Senhores arquitetos: gostaria de saber por que vocês se esquecem de planejar uma copa e uma cozinha em teatros, museus, supermercados, lojas de departamentos, grandes escritórios. Por favor, senhores arquitetos, por favor!
Esses lugares dão festas. Coquetéis de inauguração, jantares de confraternização, comemorações de datas significativas, tudo. Tudo acontece nesses lugares.
Como inaugurar uma Bienal num grande bufê e não na própria exposição? Como celebrar a vinda de um célebre artista estrangeiro senão no "foyer do teatro depois da peça? Como receber os convidados para uma distribuição de prêmios de design a não ser na loja onde estão os móveis?
Vejamos uma simples rodada de champanhe e de água num teatro. A casa comporta 1.300 convidados. A copa tem dois metros por dois metros. Onde colocar 2.600 copos, 600 garrafas, dezenas de tinas de gelo, 80 garçons? Isso para um coquetel. Já imaginaram um jantar à francesa?
Enquanto brilham luzes e velas, espouca o champanhe, garçons deslizam de luvas brancas, cheiros delicados invadem o ar, o caos se desenrola nos bastidores. Que bastidores? Corredores sem luz e sem janelas, algumas vezes íngremes, a água das pias recém-colocadas se espalhando pelo chão, pilhas góticas de pratos, barulhos estranhos de fogões de gás de bujão ameaçando tombar de vez o prédio já tombado.
Quem assistiu ao filme "Salada Russa em Paris"? Passa-se em São Petersburgo, numa casa pequena, escura, opressiva, cheirando a repolho. Essa casa tem um armário. O armário tem uma porta. Abre-se a porta e por um milagre qualquer se cai em Paris, a cidade-luz. Deixa-se para trás o sórdido, o mal-arranjado, o escuro, mergulha-se na limpeza, no brilho, na felicidade.
Poderia ser a metáfora perfeita para o serviço de bufê. O escuro e o claro, o luxo e o lixo.
No prédio da Bienal há uma copa-cozinha de três metros por três metros. É ali que conseguimos a mágica de soltar centenas de bandejas de prata com canapés milimétricos, barquetes com creme de aspargos quentes, ouricinhos de queijo queimando a língua...
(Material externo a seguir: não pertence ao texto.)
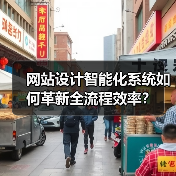 网站设计智能化系统如何革新全流程效率？（图2）
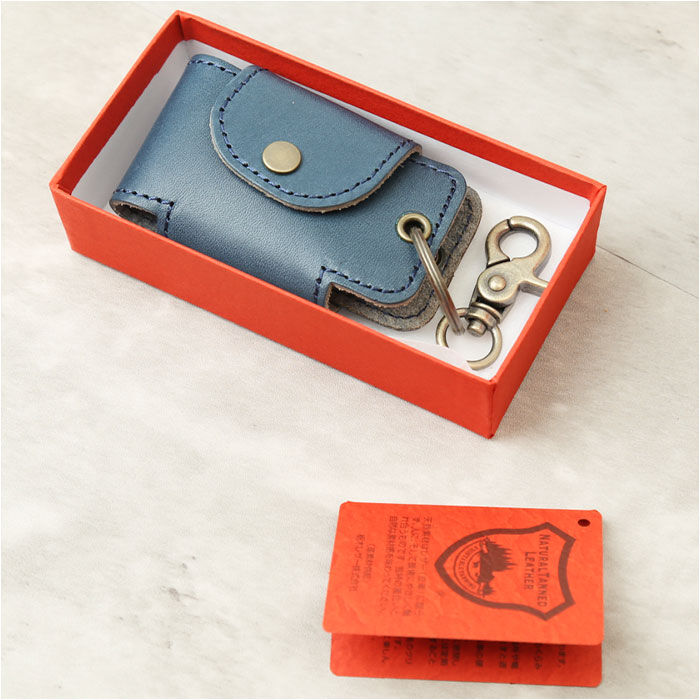 BACKYARD FAMILY「栃木レザー キーケース 通販 日本製 ジーンズ 鍵ケース スマートキーケース 本革 牛革 革」|その他|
É um feito maior que andar na corda bamba de motocicleta, sem rede. Cada prato que sai dali me dá a ilusão de que vamos receber uma salva ensurdecedora de palmas, uma homenagem pelo feito, e todos os cozinheiros de toque branca, meio torta, é verdade, se curvarão em agradecimento merecido. Qual nada! Devem imaginar que trabalhamos com fogões Gaggenau, duchas de água quente, máquinas de lavar e secar...
Há um teatro em São Paulo, reformado, que tem belíssima cozinha no subsolo. E as festas lá são no subsolo? Não! São no primeiro, segundo e terceiro andares ao mesmo tempo.
Os garçons e as copeiras são atletas de primeiro time. Envelhecem antes do tempo, esverdeados, exaustos, braços artríticos de carregar o champanhe acima das cabeças, pernas varicosadas de milhares de quilômetros de escadas percorridas. Estou exagerando? Nem um pouco!
Dirão os arquitetos que desenharam teatros e museus e não casas de pasto. Mas, acreditem, o que mais se faz nesses lugares é celebrar, beber e comer. É a realidade, não adianta fugir dela. A comida aproxima, a bebida congrega...
Seria possível uma solução criativa, vinda do próprio bufê? Às vezes sim, às vezes não. O jantar é à francesa, o que implica em pratos trocados um a um e levados para as catacumbas do terror.
Então vamos instalar alguma coisa, uma copa a meio caminho, um carrinho quente, que perto da mesa sirva os convidados. Mas não pode, é à francesa. Ça ne va pas. It won't do. Não é próprio. Não é adequado. É à francesa.
Que história é essa, quem é essa francesa prepotente? Por que não à cabocla?
Arquitetos, ajudai-nos, misericórdia, construam uma portinha pequena que nos leve para a luz. E nem precisa ser Paris.